_What is required_
An acceptable answer repeats exactly the line with "P. Blue Turquoise Trillion Cabochon" and each line after it through the end of the entries, and includes nothing else.

■ ■ ■

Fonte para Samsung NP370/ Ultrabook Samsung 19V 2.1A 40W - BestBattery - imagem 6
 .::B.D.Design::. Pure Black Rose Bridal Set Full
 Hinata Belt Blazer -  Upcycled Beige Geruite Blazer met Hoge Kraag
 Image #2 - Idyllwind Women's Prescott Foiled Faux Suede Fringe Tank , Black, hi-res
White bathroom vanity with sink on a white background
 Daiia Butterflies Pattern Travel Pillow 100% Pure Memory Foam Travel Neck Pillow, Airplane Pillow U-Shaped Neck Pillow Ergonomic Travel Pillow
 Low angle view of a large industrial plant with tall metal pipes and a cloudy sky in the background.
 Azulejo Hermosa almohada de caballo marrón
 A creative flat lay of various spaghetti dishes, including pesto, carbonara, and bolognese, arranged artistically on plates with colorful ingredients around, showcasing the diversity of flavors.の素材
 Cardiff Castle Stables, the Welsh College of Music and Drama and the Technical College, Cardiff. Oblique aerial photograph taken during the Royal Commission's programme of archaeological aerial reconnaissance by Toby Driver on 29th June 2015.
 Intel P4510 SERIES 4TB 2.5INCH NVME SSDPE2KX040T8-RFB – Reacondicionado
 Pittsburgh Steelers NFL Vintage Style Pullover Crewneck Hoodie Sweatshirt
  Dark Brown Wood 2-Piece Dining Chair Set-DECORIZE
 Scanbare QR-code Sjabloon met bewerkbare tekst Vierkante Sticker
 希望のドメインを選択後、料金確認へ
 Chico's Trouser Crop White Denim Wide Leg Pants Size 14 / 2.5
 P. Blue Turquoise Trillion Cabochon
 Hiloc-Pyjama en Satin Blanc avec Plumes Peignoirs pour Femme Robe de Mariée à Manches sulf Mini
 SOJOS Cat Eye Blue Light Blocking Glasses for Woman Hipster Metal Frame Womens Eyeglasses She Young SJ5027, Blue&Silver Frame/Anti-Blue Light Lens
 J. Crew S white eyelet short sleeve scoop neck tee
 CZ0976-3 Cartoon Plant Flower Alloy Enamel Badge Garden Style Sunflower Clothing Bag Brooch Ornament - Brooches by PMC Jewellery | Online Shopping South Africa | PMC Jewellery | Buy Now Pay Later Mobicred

■ ■ ■

_Solution for this exercise_
 P. Blue Turquoise Trillion Cabochon
 Hiloc-Pyjama en Satin Blanc avec Plumes Peignoirs pour Femme Robe de Mariée à Manches sulf Mini
 SOJOS Cat Eye Blue Light Blocking Glasses for Woman Hipster Metal Frame Womens Eyeglasses She Young SJ5027, Blue&Silver Frame/Anti-Blue Light Lens
 J. Crew S white eyelet short sleeve scoop neck tee
 CZ0976-3 Cartoon Plant Flower Alloy Enamel Badge Garden Style Sunflower Clothing Bag Brooch Ornament - Brooches by PMC Jewellery | Online Shopping South Africa | PMC Jewellery | Buy Now Pay Later Mobicred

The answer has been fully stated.